FIG. 2 is a block diagram showing a high frequency induction heating system for sealing a vehicle hood according to an embodiment of the present invention. FIG. 3 is a view schematically showing the operation of the induction heating system according to an embodiment of the present invention A high frequency induction heating system for sealing a vehicle hood according to the present invention includes a heating coil 100, a high frequency generating unit 200, a feeding unit 300, a temperature sensor 400, a distance measuring sensor 500, 600 and a temperature regulating unit 700. [

The heating coil 100 generates a high frequency magnetic field by receiving a high frequency current from the high frequency generator 200 and heats the hemming portion of the hood 1000 by the generated magnetic field. That is, the heating coil 100 receives an alternating current having a high frequency from the high frequency generating part 200 and induces heating by eddy current loss or the like on the hemming part of the vehicular hood 1000, which is a metal conductor.

At this time, the adhesive sealer applied between the outer panel and the inner panel of the automotive hood 1000 is heated by induction heating of the automotive hood 1000 to return to the state before curing, and thereafter, 1000 is cooled, the hardening temperature is reached, and the outer panel and the inner panel of the vehicle hood 1000 are firmly fixed. The adhesive sealer may be a component of a composition comprising 30% PVC resin, 30% CaCO3, 3% polyamide, 34% diisodecyl phthalate (DIDP) and the balance of impurities, but is not limited thereto.

On the other hand, when the adhesive sealer applied between the outer panel and the inner panel of the vehicle hood 1000 is a thermosetting material, it is heated in a short time by induction heating of the vehicle hood 1000, 1000) is firmly fixed to the outer panel and the inner panel.

The high frequency generating unit 200 receives a voltage from a power source (not shown) and supplies a high frequency alternating current to the heating coil 100 through a switching driving operation under the control of the controller 600. [ In particular, the high frequency generator 200 can supply the current of the output determined by the controller 600 to the heating coil 100. That is, the control unit 600 can increase the frequency of the alternating current applied by the high frequency generator 200 to increase the frequency of the alternating current applied to the heating coil 100, thereby increasing the heat energy induced by the heating coil 100.

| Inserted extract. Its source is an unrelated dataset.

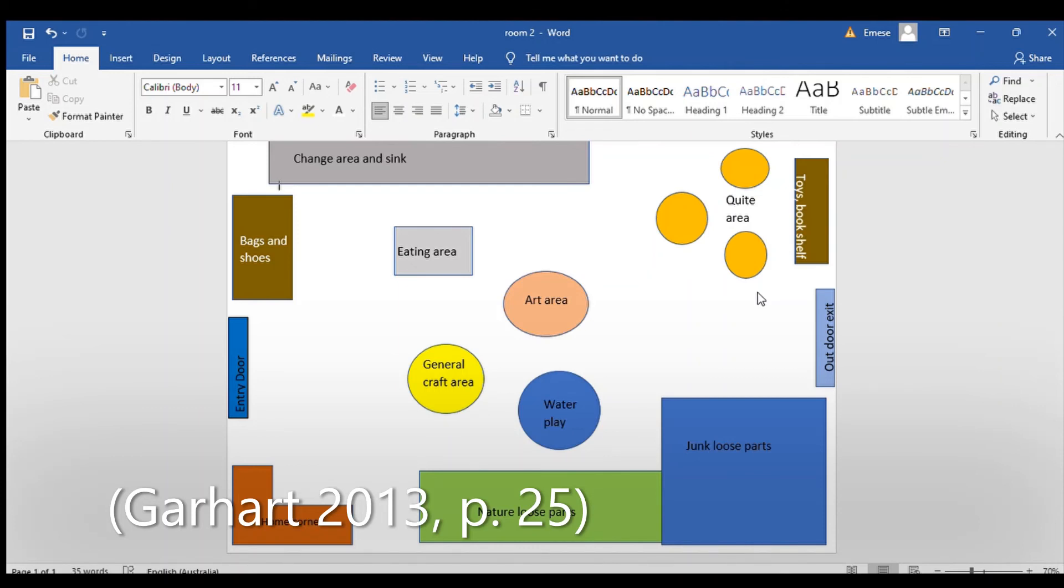This also supports children's language development, cognitive and gross-motor fine skills, and it can promote social interaction among them.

The transfer unit 300 moves the heating coil 100 in the x-axis direction, the y-axis direction, and the z-axis direction in accordance with the control signal of the control unit 600. [ Here, the feeding unit 200 includes a feeding pneumatic cylinder for expanding and contracting in the vertical direction so as to move up and down the heating coil 100, and a feeding pneumatic cylinder for expanding and contracting in the horizontal direction to move the heating coil 100 in the x- and y- And may include a pneumatic cylinder for shrinking. In this case, the feed unit 300 may be a lead screw that is rotated in a forward and reverse direction by a feed motor and a feed motor. However, the feed unit 300 is not limited to this, and may be a voice coil motor Motor) may be used. Further, in the case where the transfer part 300 is a pneumatic cylinder that can expand or contract in the direction in which the hemming part of the vehicle hood 1000 is disposed, a cylinder sensor can be mounted for position feedback to the pneumatic cylinder. Such a cylinder sensor can provide information on the piston position of the pneumatic cylinder to the control unit 600. [

The temperature sensor 400 measures the temperature of the hemming site of the hood 1000 and transmits the measured temperature to the control unit 600. At this time, in the case of measuring the temperature by the high frequency induction heating, since the object to be measured is heated to several hundreds or more within a few seconds, the temperature sensor 400 is a high-speed noncontact type temperature sensor or a thermal imager desirable. It is preferable that the temperature sensor 400 is disposed at an upper portion or a lower portion near the hemming portion of the vehicle hood 1000 in order to improve the reliability of temperature measurement.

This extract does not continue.